Het Ministerie van VWS en de Belastingdienst zijn momenteel ook met andere partijen, die een voorbeeldovereenkomst hebben voorgelegd, in overleg. Indien dit tot goedgekeurde voorbeeldovereenkomsten leidt, zullen deze ook openbaar worden gemaakt via www.rijksoverheid.nl . Het Ministerie van VWS en de Belastingdienst zijn graag bereid ook met PZO-ZZP en de Zorg Professional in overleg te gaan, in het kader van een te beoordelen voorbeeldovereenkomst van PZO-ZZP en de Zorg Professional.

Wat is de visie van de Belastingdienst ten aanzien van deze ontwikkeling, nu zij elke vorm van onderaanneming hebben beoordeeld als het werken in loondienst?

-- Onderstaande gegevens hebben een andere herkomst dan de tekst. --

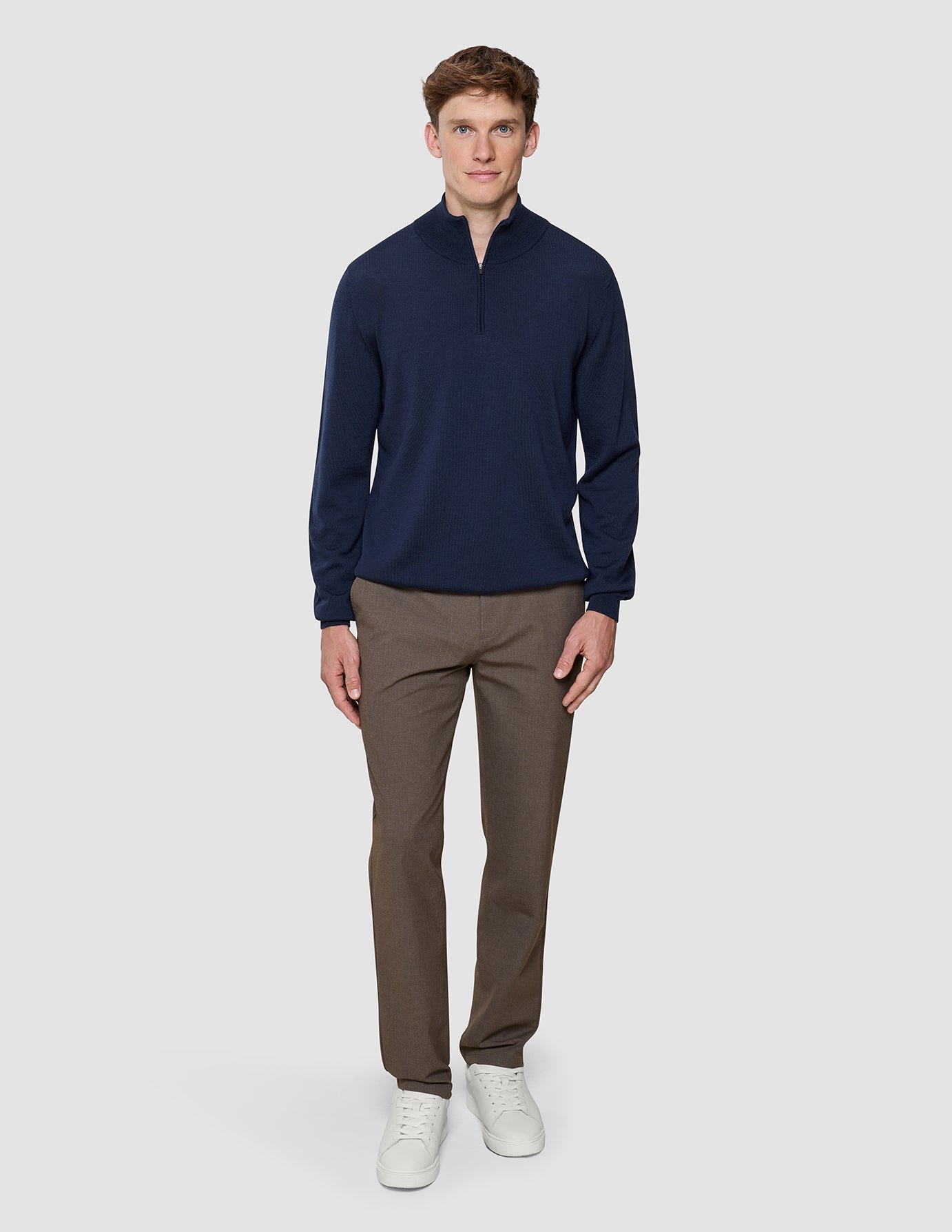 Seamless Premium Merino Knit Half Zip Dark Navy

Hoe zal dit de werkwijze veranderen ten aanzien van het toezicht door de Belastingdienst?

De Belastingdienst oordeelt op basis van geldende wet- en regelgeving en jurisprudentie. Tot voor kort vormde de Kwaliteitswet zorginstellingen een knelpunt om tot een ander fiscaal oordeel te komen dan het bestaan van een dienstbetrekking.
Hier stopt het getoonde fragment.